Thanks for the tip, Dave! (and MarTel) I have the Takeda Banno Bunka and the Hiro AS and found that the higher end stones were not really doing a great job, as I started with the 6000 I got from you. 

Now I see I can and will go to lower grit.....500 Bester, then follow with 1200 Beston.

This info was a GREAT help!

Mitch


----------



## Dave Martell (May 23, 2011)

dreamsignals said:


> not meaning to hijack the thread - regarding differences between same grit stones:
> 
> dave (martell), can you elaborate on what you say on the JKS website, that you'd start a sharpening session with a bester 1000 or 1200 but not with a king?
> 
> thanks!




There's a a first time sharpening session with a knife and then a routine maintenance sharpening session with a knife. Once you've created your bevel with a coarse stone (sub 1k) then it's easy to follow up later on with a 1k stone, however, some 1k stones (IMO - like the King) cut way too slow and dish way too fast which then allows for multi-facets to be cut on the bevel (AKA - bevel rounding) and cause problems.

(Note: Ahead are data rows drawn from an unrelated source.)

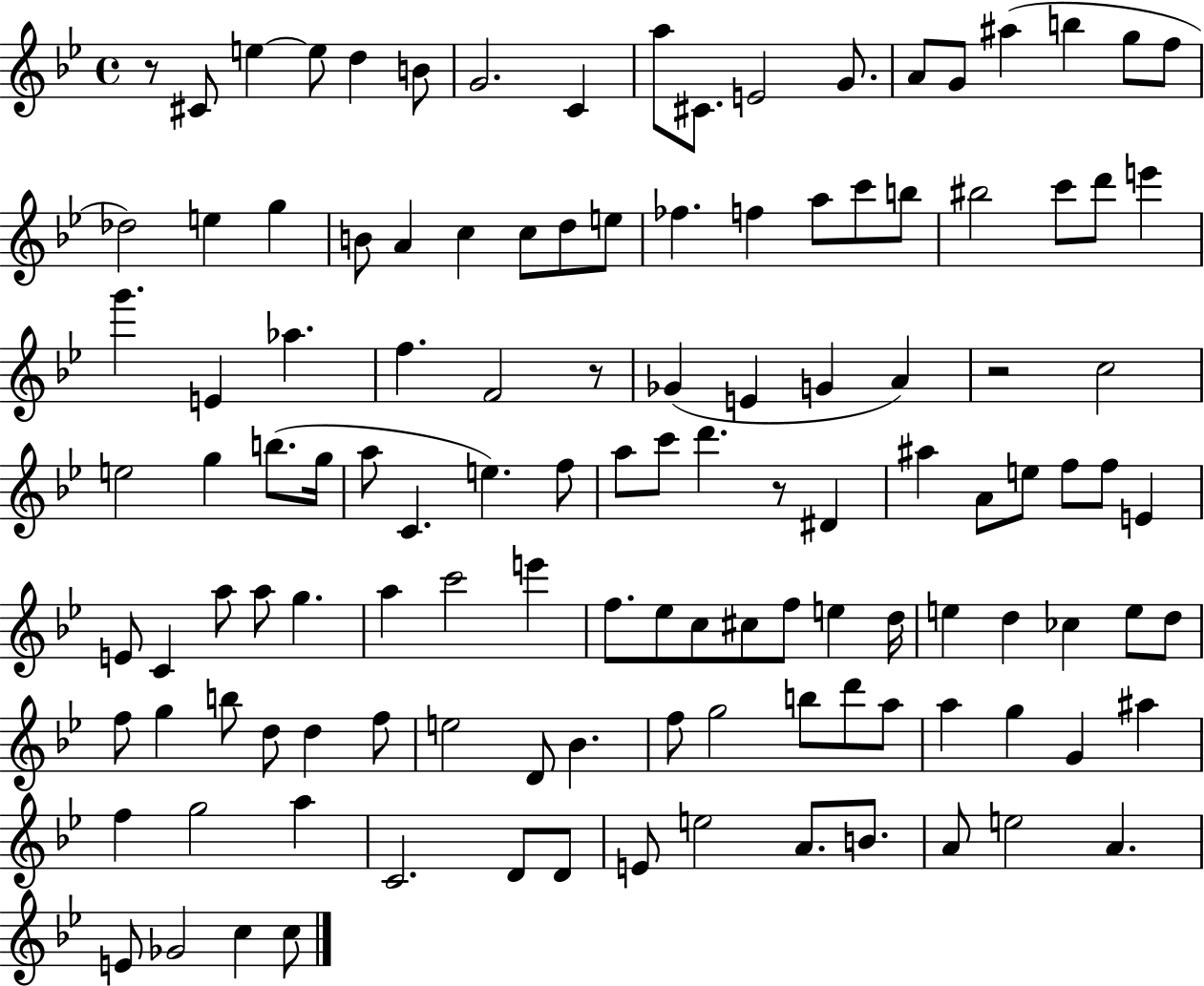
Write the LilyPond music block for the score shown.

{
  \clef treble
  \time 4/4
  \defaultTimeSignature
  \key bes \major
  \repeat volta 2 { r8 cis'8 e''4~~ e''8 d''4 b'8 | g'2. c'4 | a''8 cis'8. e'2 g'8. | a'8 g'8 ais''4( b''4 g''8 f''8 | \break des''2) e''4 g''4 | b'8 a'4 c''4 c''8 d''8 e''8 | fes''4. f''4 a''8 c'''8 b''8 | bis''2 c'''8 d'''8 e'''4 | \break g'''4. e'4 aes''4. | f''4. f'2 r8 | ges'4( e'4 g'4 a'4) | r2 c''2 | \break e''2 g''4 b''8.( g''16 | a''8 c'4. e''4.) f''8 | a''8 c'''8 d'''4. r8 dis'4 | ais''4 a'8 e''8 f''8 f''8 e'4 | \break e'8 c'4 a''8 a''8 g''4. | a''4 c'''2 e'''4 | f''8. ees''8 c''8 cis''8 f''8 e''4 d''16 | e''4 d''4 ces''4 e''8 d''8 | \break f''8 g''4 b''8 d''8 d''4 f''8 | e''2 d'8 bes'4. | f''8 g''2 b''8 d'''8 a''8 | a''4 g''4 g'4 ais''4 | \break f''4 g''2 a''4 | c'2. d'8 d'8 | e'8 e''2 a'8. b'8. | a'8 e''2 a'4. | \break e'8 ges'2 c''4 c''8 | } \bar "|."
}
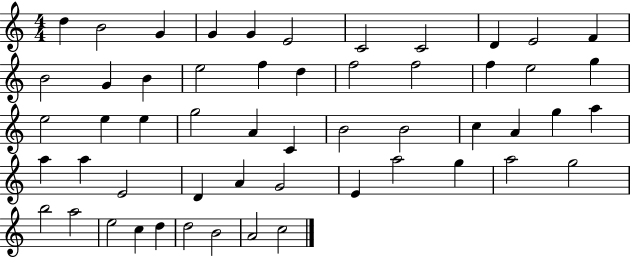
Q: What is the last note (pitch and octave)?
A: C5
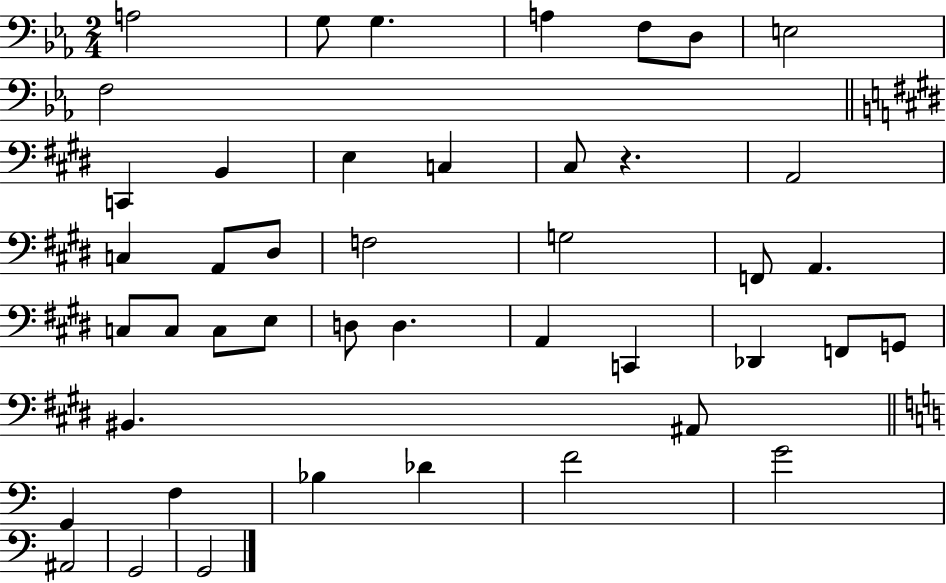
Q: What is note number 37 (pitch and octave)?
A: Bb3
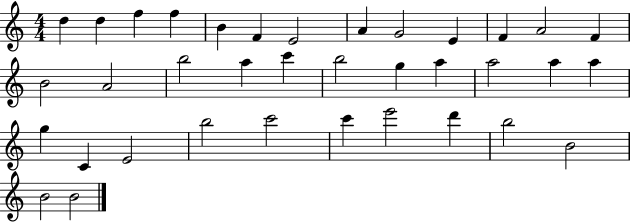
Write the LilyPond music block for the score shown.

{
  \clef treble
  \numericTimeSignature
  \time 4/4
  \key c \major
  d''4 d''4 f''4 f''4 | b'4 f'4 e'2 | a'4 g'2 e'4 | f'4 a'2 f'4 | \break b'2 a'2 | b''2 a''4 c'''4 | b''2 g''4 a''4 | a''2 a''4 a''4 | \break g''4 c'4 e'2 | b''2 c'''2 | c'''4 e'''2 d'''4 | b''2 b'2 | \break b'2 b'2 | \bar "|."
}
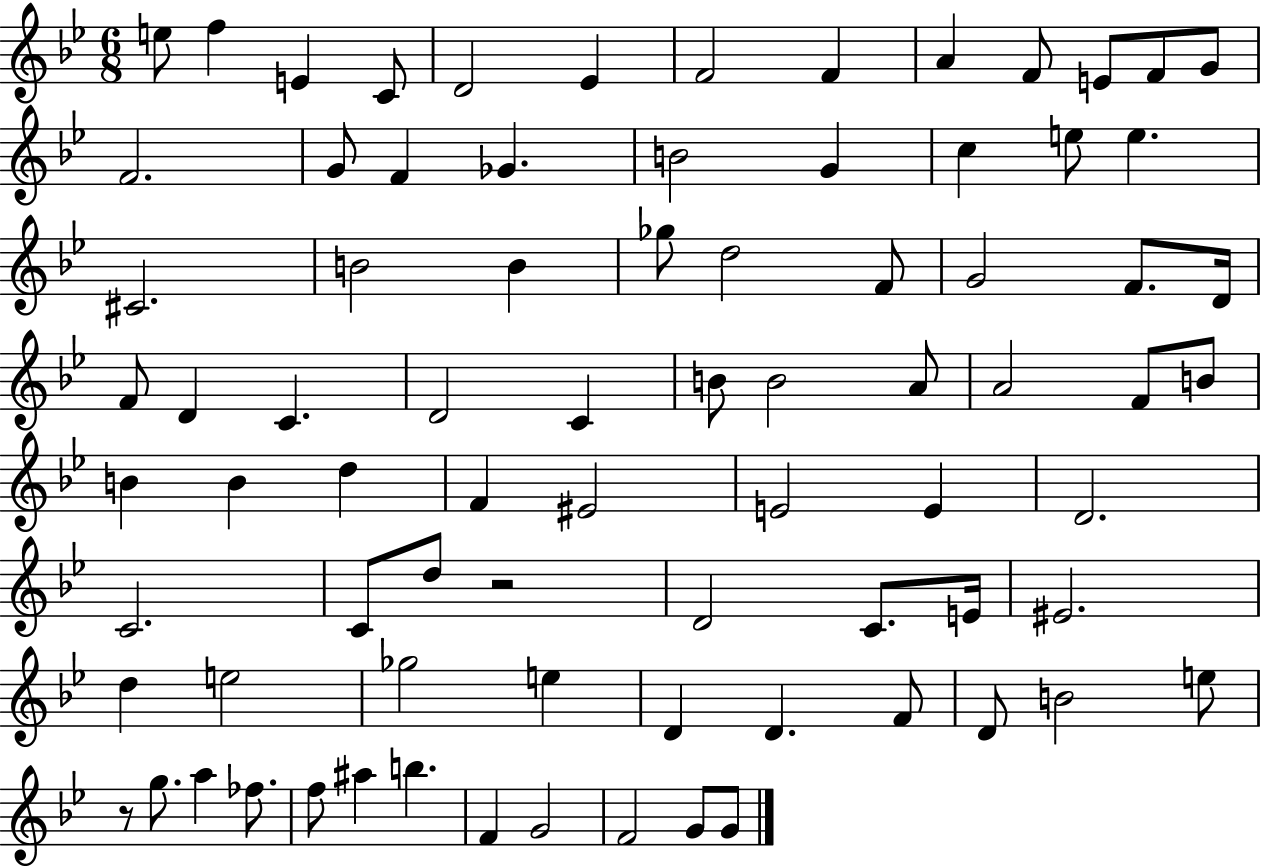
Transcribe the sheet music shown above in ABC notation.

X:1
T:Untitled
M:6/8
L:1/4
K:Bb
e/2 f E C/2 D2 _E F2 F A F/2 E/2 F/2 G/2 F2 G/2 F _G B2 G c e/2 e ^C2 B2 B _g/2 d2 F/2 G2 F/2 D/4 F/2 D C D2 C B/2 B2 A/2 A2 F/2 B/2 B B d F ^E2 E2 E D2 C2 C/2 d/2 z2 D2 C/2 E/4 ^E2 d e2 _g2 e D D F/2 D/2 B2 e/2 z/2 g/2 a _f/2 f/2 ^a b F G2 F2 G/2 G/2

So what I advise is to look for fast cutting stones at the lower levels.


----------



## Dave Martell (May 23, 2011)

Silas said:


> Thanks for the tip, Dave! (and MarTel) I have the Takeda Banno Bunka and the Hiro AS and found that the higher end stones were not really doing a great job, as I started with the 6000 I got from you.
> 
> Now I see I can and will go to lower grit.....500 Bester, then follow with 1200 Beston.
> 
> ...


 

Many, many, many people go for the higher grit stones first but I've found the magic to be what the coarser stones do for you. If you don;t get this right then the higher grit stones do nothing for you.


----------



## dreamsignals (May 23, 2011)

Dave Martell said:


> There's a a first time sharpening session with a knife and then a routine maintenance sharpening session with a knife. Once you've created your bevel with a coarse stone (sub 1k) then it's easy to follow up later on with a 1k stone, however, some 1k stones (IMO - like the King) cut way too slow and dish way too fast which then allows for multi-facets to be cut on the bevel (AKA - bevel rounding) and cause problems. So what I advise is to look for fast cutting stones at the lower levels.



got it. on that note, how do you (and others) feel about the shapton pro 1000?


----------



## Cadillac J (May 23, 2011)

Dave Martell said:


> There's a a first time sharpening session with a knife and then a routine maintenance sharpening session with a knife.



As common as this seems for most of us, I think a lot of people newer to sharpening might not realize this concept. 

Once I get a new knife, my own bevels are set immediately starting at a 600 grit and working up in my progression. From this point on, stropping on leather and touching up on a 5K polishing stone is all you need as a home cook as far as maintenance is concerned for a good while...dropping down to 1200 or even back to the coarser 600 is only needed when: the edge isn't getting back to where I want it after strop/polishing stones, I want to thin the bevel shoulders a bit, or I want to regrind new bevels like the very first time.


----------



## Lefty (May 23, 2011)

Caddy, I'll keep that in mind! 
It's nuts how differently every steel responds to different stones. To be honest, my King stone is great on my Swedish steels, but the fact that some people will actually stop at 1-1.2k blows my mind!


----------



## Cadillac J (May 23, 2011)

For my honesuki and Global G-2 beater, a 1200 edge is perfect. I actually like to refine a bit at 5K, then drop down to the Bester to re-add some bite...I find that works really well.


----------



## Lefty (May 23, 2011)

I can see the 5k, then add some toothiness with some slight roughing up on a 1.2k. I'm assuming it's very light roughing up, though?
I do something really similar with my stainless. I work up to 1500 wet/dry (wet), then use a dry piece for some bite. It's McMoney in a kitchen setting!
With my carbons, however, I definitely like some polish, as they don't become "slippery" once refined on high grit.
By the way, this thread is getting wicked. I hope everyone is drinking in the goodness!


----------



## jackslimpson (May 23, 2011)

I'll throw in my two cents on my experience with the Takeda handheld 800/1200. Because the technique is to lay the blade flat against a piece of flat wood, then scrub the blade at the desired angle, I've gotten my best results with small blades and paring knives. Laying it flat against the wood adds rigidity, which gives me more control. I've restored some of my small knives to common use with it, where before they were just clutter. The handheld also lets me work on the tips of my larger knives where I am weakest in my sharpening skills. I can use the takeda to get very precise results. 

Cheers,

Jack


----------